Piera Anna Franini
Domani e sabato: due serate storiche per il Teatro alla Scala. Che riavrà Riccardo Muti sul podio. Inutile ricordare che c'è stato l'assalto ai biglietti. Sono due appuntamenti molto attesi. Del resto, Muti torna a Milano dopo 12 anni di assenza, dopo un furibondo divorzio con l'ente di cui era stato Direttore Musicale per 19 anni. Lo fa alla testa della sua Chicago Symphony, in questi giorni impegnata in un'intensa tournée europea. Partenza a Parigi, quindi Amburgo, Aalborg, Vienna, Baden Baden, Francoforte, e in mezzo Milano dove l'orchestra a stelle e strisce venne ascoltata l'ultima volta nel 1981. Due i programmi, dedicato a Catalani, Strauss e Cajkovskij il primo, a Hindemith, Elgar e Musorgskij il secondo.
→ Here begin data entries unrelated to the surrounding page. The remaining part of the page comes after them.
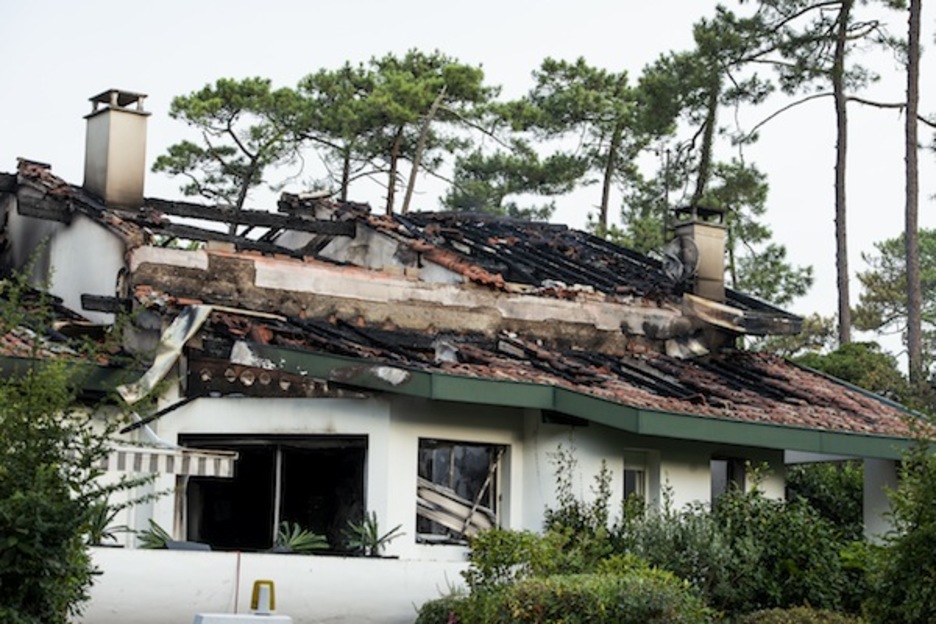 Sua etxeetik oso hurbil sortu da. (Guillaume FAUVEAU/FOKU)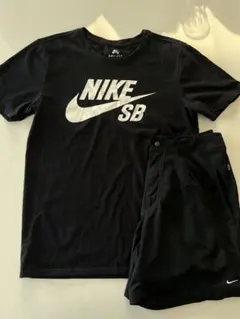 Nike SB ブラック Tシャツ & ショートパンツ セット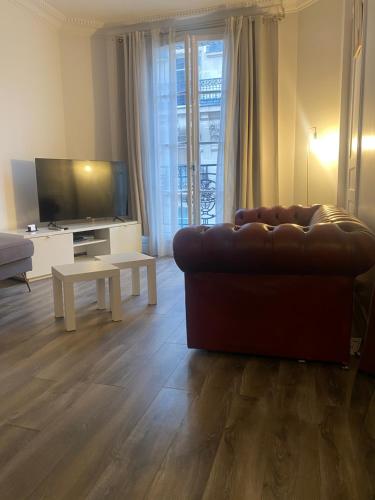 Ag Immobilier 75 - last minute hotel in Paris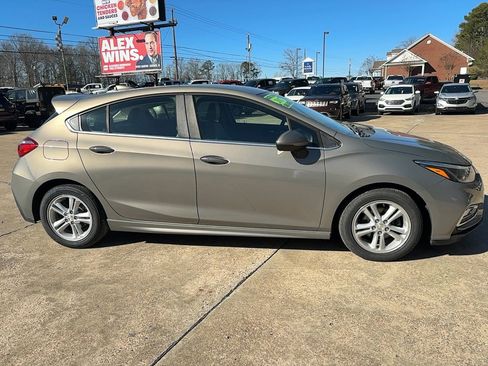 Used 2017 Chevrolet Cruze LT w/ Convenience Package image 3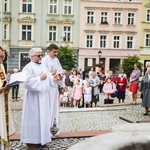 Poświęcenie figury Matki Bożej Fatimskiej na noworudzkim Rynku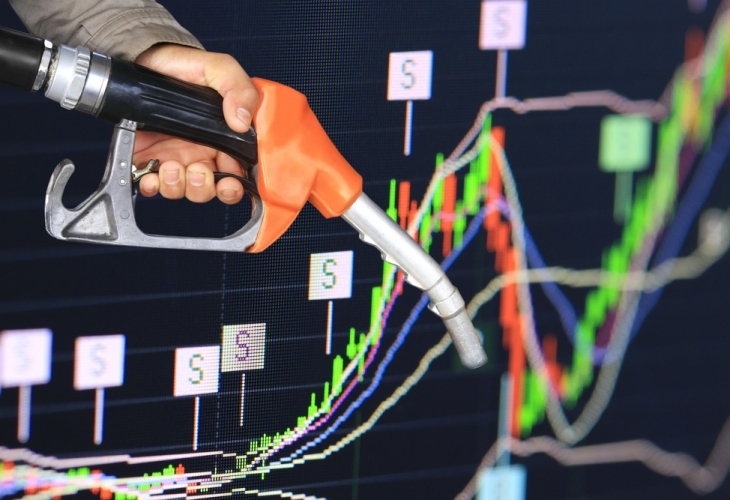 От началото на месеца цените на бензина и дизела в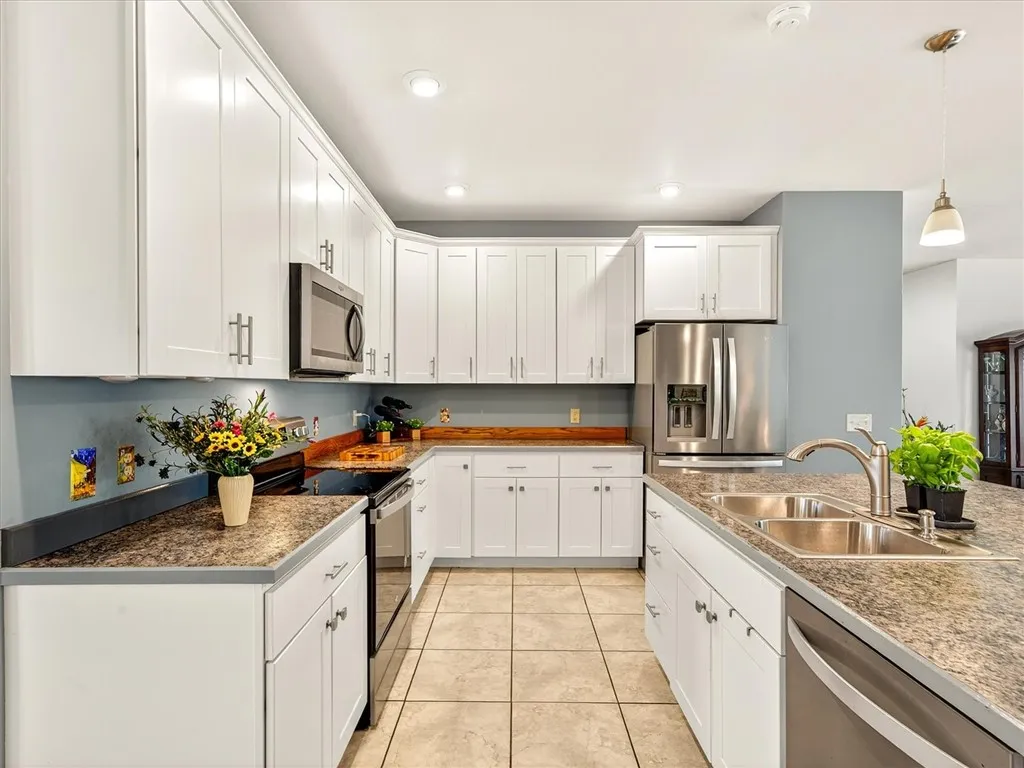 11084 Maple Ridge Road, Shelby, New York 14103, Shelby, New York 14103, 4 Bedrooms Bedrooms, 8 Rooms Rooms,3 BathroomsBathrooms,Residential,Closed,11084 Maple Ridge Road, Shelby, New York 14103,0,R1624852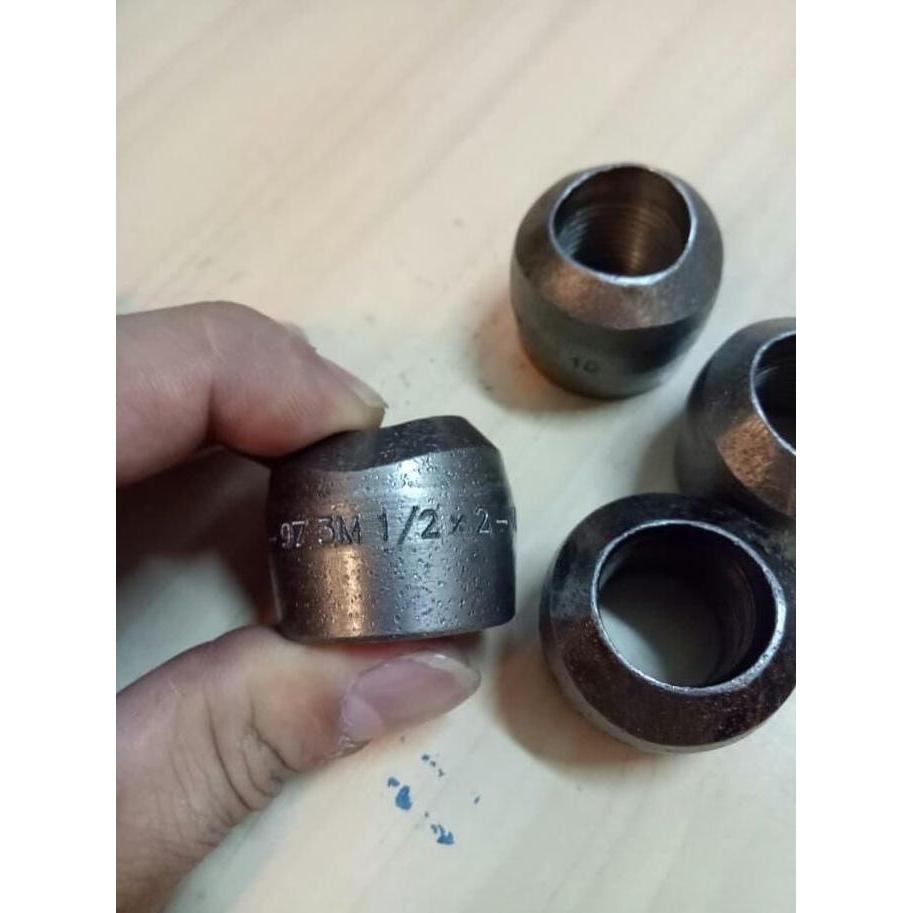 Threadolet 1/2 inch class 3000 ( Drat NPT )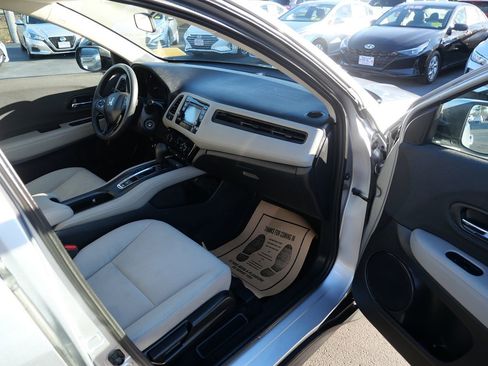 Used 2021 Honda HR-V LX image 15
«Da un punto di vista musicale, la Chicago è la gioia di questi miei anni», ci ha confessato il Maestro che non distoglie, comunque, lo sguardo dall'Italia.
«Quando esco dalla sala di Chicago e ci sono 30 gradi sotto zero, e leggo sul frontespizio dell'Art Museum i nomi di Michelangelo o Raffaello, non sento più i 30 gradi. In quel momento penso che vengo da quella terra. Spero che l'identità della nostra terra non venga scalfita, che rimanga perché ha procurato cultura e bellezza nel mondo e noi dobbiamo prendere cura di questo nostro passato: fondamentale per noi e per il mondo. Tutto è partito dal Mediterraneo e l'Italia ha avuto un ruolo importante».
È un Paese dove Muti continua a lasciare tracce profonde. E le lascia laddove c'è speranza: i giovani. Quelli dell'Orchestra Cherubini e dell'Italian Opera Academy, la (sua) bottega che forgia cantanti, maestri collaboratori e direttori d'orchestra, a loro dedica un mese all'anno, e giornate che vanno dal mattino al tramonto. Proprio questi ragazzi dovrebbero unirsi all'orchestra di Teheran nel corso del prossimo concerto dell'Amicizia del Ravenna Festival, appunto a Teheran.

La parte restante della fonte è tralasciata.